奥田はそのベッドに腰掛け、倫子の傷んだ髪をゆっくりと梳いた。
「この腕、なんでこんなになっちゃったの」
今更と言えば今更だが、当然の問い掛けである。
普段、彼女を可愛がっている男にすれば尚更。
「…別に。健闘の勲章だよ」
雲雀はさして詳しく語るでもなく奥田に言い捨てた。
奥田は軽く相槌を打っただけで、倫子から目を外さない。
「…雲雀くんさぁ」
倫子の髪を撫でながら、奥田は空気が漏れるような声を出す。
一重の薄い瞼は気怠けに重く伏せられていて。
「倫子のこと、どう思った?」
それはまるで、審判の時を待つ罪人の如く。
「君の幹細胞から勝手に作り出した、なり損ないのレプリカを」
───神を創るために、清らかな体を罪に染め上げた。
「…レプリカ、ね」
それには語弊がある。
「別にどうも思わない。
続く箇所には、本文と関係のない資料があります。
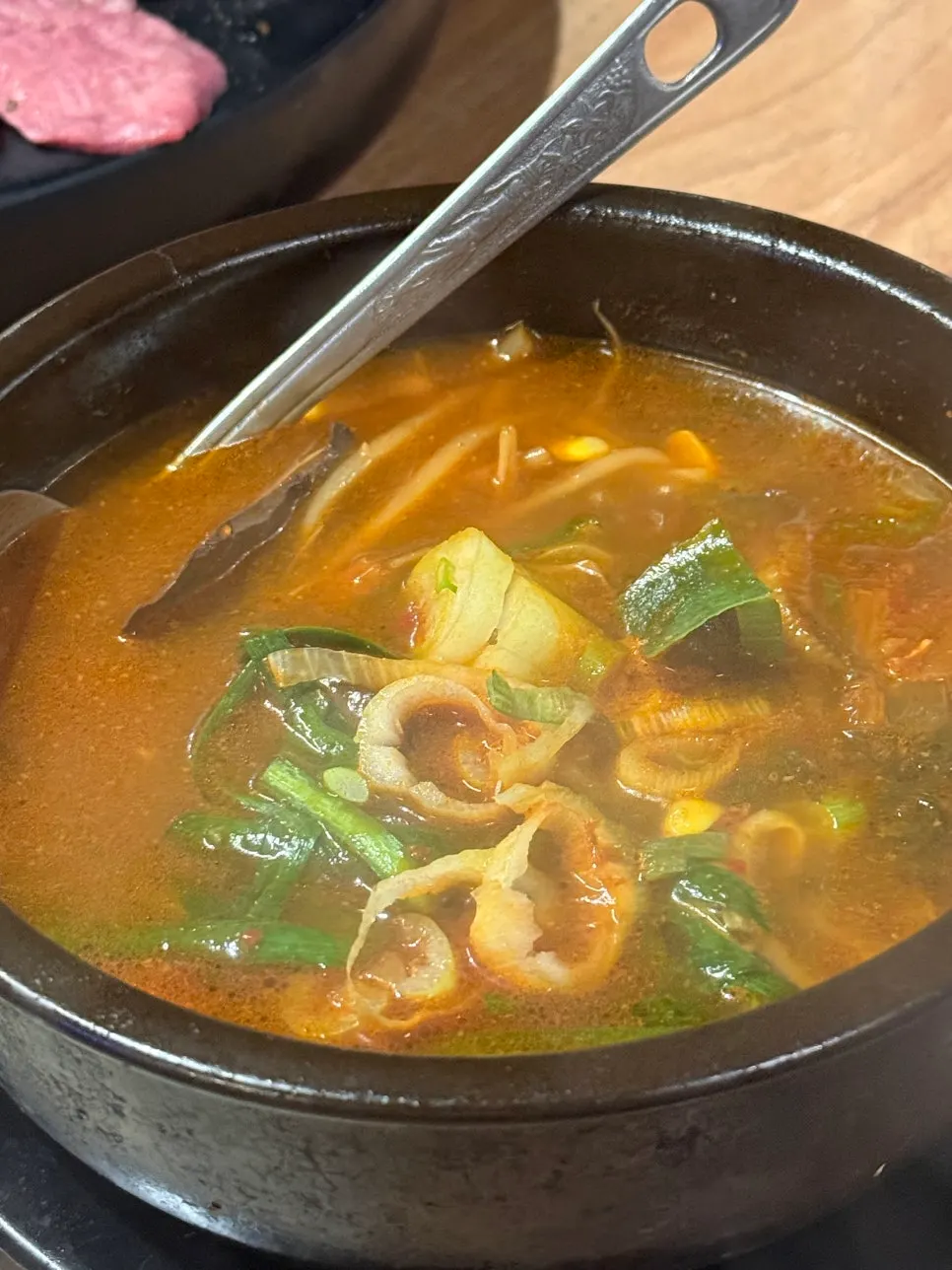 Spicy seonji haejangguk served midway through the meat course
橘は僕のクローンじゃないし、レプリカでもない」
橘倫子は、個を持つアダムだ。
人間からアダムへ変異しただけで、橘倫子であることに変わりない。
(その胎内に僕の根底が埋めこまれていようと)
それはただ、愉しむ要素でしかないのだ。
「…倫子はね、」
ベッドに横たわる傷付いた体に手を添えながら、奥田は小さく呟いた。
(なに、その手。…ムカつく)
奥田は雲雀の内心に気付くわけもなく倫子を撫で続けている。
まるで、今だけは安らかにと、宥めるように。
「ずっと雲雀くんに会いたがってたんだよ。…でも、会いたくないとも、言ってた」
(───体の中があったかいんだよ)
雲雀の細胞を植え付けた直後。
拒否反応はなかったものの、体の脆さが祟って寝たきりになった倫子がそう言った。
元々は人間の体である倫子には馴染まない強大な能力指数。
当然、体は傷む筈なのに、倫子は笑っていたのだ。
『───ヒバリの力なのかな。痛いんだけど、でも心臓のあたりがぽかぽかしてる』
そう言って無邪気に笑った倫子の顔は、今も忘れられない。